The film remained in obscurity until late 1989, when it was featured as the second nationally broadcast episode of movie-mocking television series Mystery Science Theater 3000.

==Plot==
The evil Dr. Krupp (Luis Aceves Castañeda), a mad scientist also known as "the Bat", managed to escape the snake pit into which he was thrown by Popoca the Aztec Mummy (Ángel di Stefani) in the previous film and continues his efforts to steal a valuable Aztec treasure from Popoca's tomb. Krupp builds a robot with a human head and brain in it (which is thus a cyborg), planning to use it to destroy the mummy should he return to thwart his plans. Krupp's former colleague and original finder of the mummy, Dr. Eduardo Almada (Ramón Gay), his wife Flora, and his associate Pinacate, all work to stop the mad scientist from completing his plans.

Dr.

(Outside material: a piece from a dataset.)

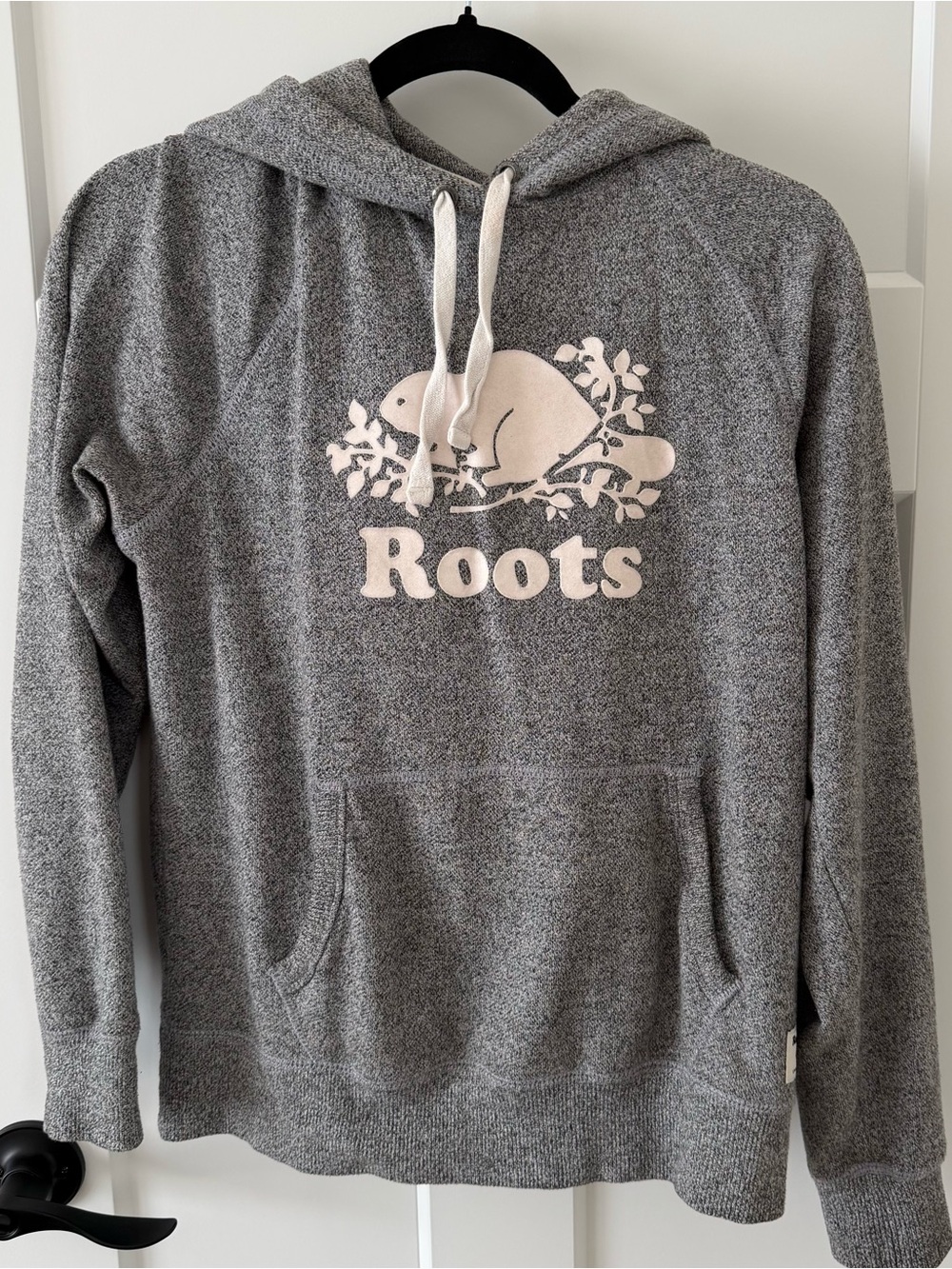 Roots Women’s Classic Beaver Logo Hoodie – Salt & Pepper Grey (Size Small)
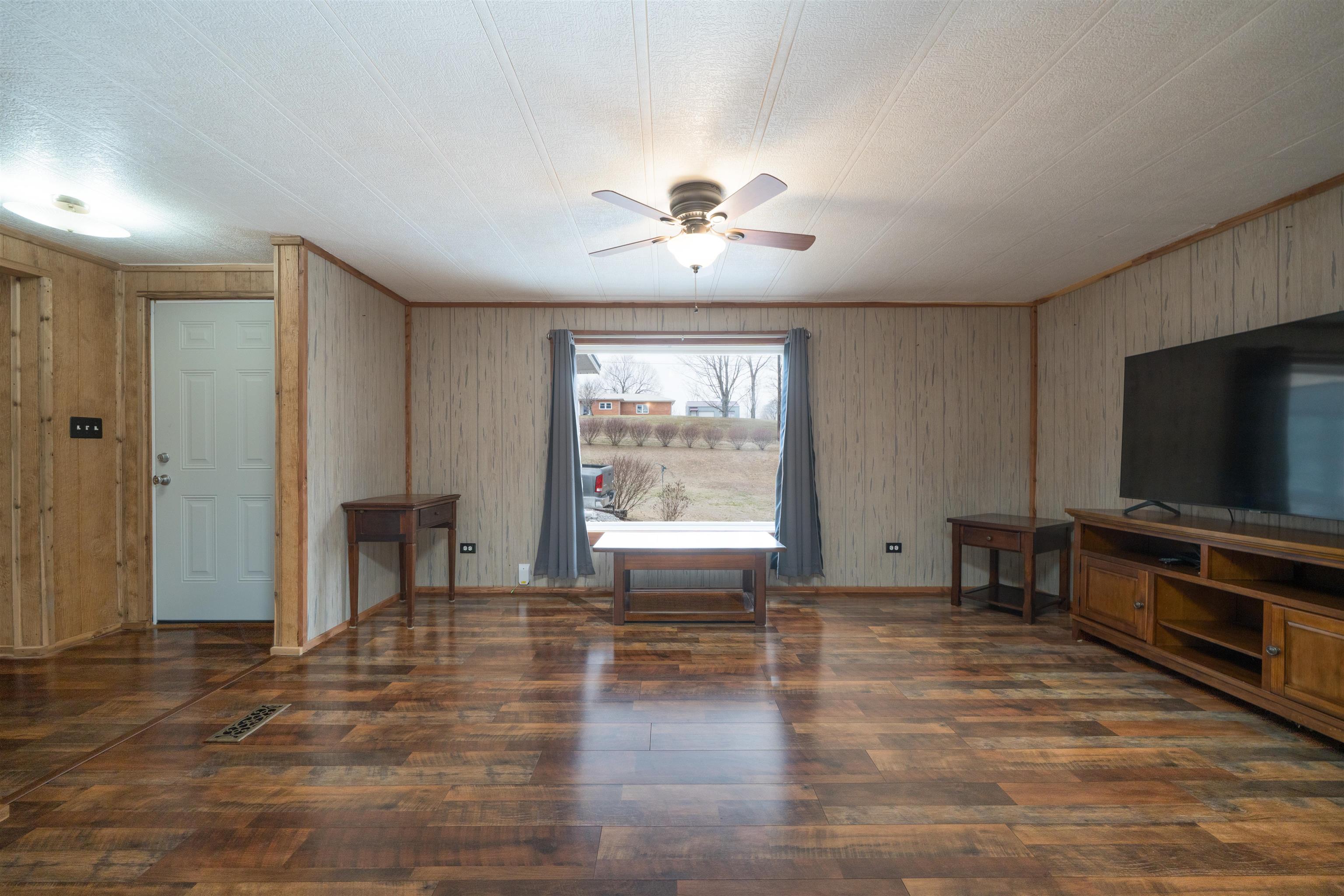 5722 Hwy 764, Whitesville, Kentucky 42378, 2 Bedrooms Bedrooms, ,1 BathroomBathrooms,Single Family Residence,For Sale,Hwy 764,94115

Krupp gets inside the mummy's tomb and once again steals the gold breastplate from its resting place on the mummy's chest. When Popoca awakens in a rage, Krupp orders his human robot to fight him. The two monsters engage in a fierce struggle to the death, but the robot's ability to deliver burns due to electrical shocks from its hands quickly begins to wear the mummy out. Just as it seems the robot is winning, Dr. Almada bursts into the tomb and knocks the remote control from Dr. Krupp's hands, effectively shutting off the robot's brain. In an insane rage, Popoca attacks the robot, tearing it into scrap metal. Popoca strangles Dr. Krupp and his henchman Tierno, then stumbles off into another tomb where he can return to his rest.

== Cast ==
- Ramón Gay as Dr. Eduardo Almada
- Rosa Arenas as Flora Sepulveda Almada / Xochitl
- Crox Alvarado as Pinacate
- Luis Aceves Castañeda as Dr. Krupp (a.k.a. El Murciélago / the Bat)
- Jaime González Quiñones as Pepe Almada
- Ángel di Stefani as Popoca the Aztec Mummy
- Arturo Martínez as Henchman Tierno
- Emma Roldán as Maria, Dr. Almada's housekeeper
- Jorge Mondragón as Dr. Sepúlveda (flashbacks only)
- Julián de Meriche as the Commandante de Policia
- Salvador Lozano
- Adolfo Rojas
- Jesús Murcielago Velázquez as El Murciélago / the Bat
- Enrique Yáñez / Guillermo Hernández / Alberto Yáñez / Firpo Segura / Sergio Yañez as Esbirro del Murciélago

==Production notes==
The characters Almada and Flor are married in this third film in the series, and Pinacate has given up his masked superhero career as the Angel.

While most science fiction takes poetic license with the understanding of science, this film also takes great liberty regarding Mesoamerican civilizations, suggesting the Aztecs practiced mummification and used hieroglyphic writing. In reality, they used pictographs and practiced cremation and simple burial. It was the Inca civilization that practiced mummification, and the Maya who used syllabic writing. Also, the mummy is depicted in the Egyptian style (upright or lying on its back) rather than in the Inca style (hunched into a ball with its feet pulled to the body and its knees close to the face).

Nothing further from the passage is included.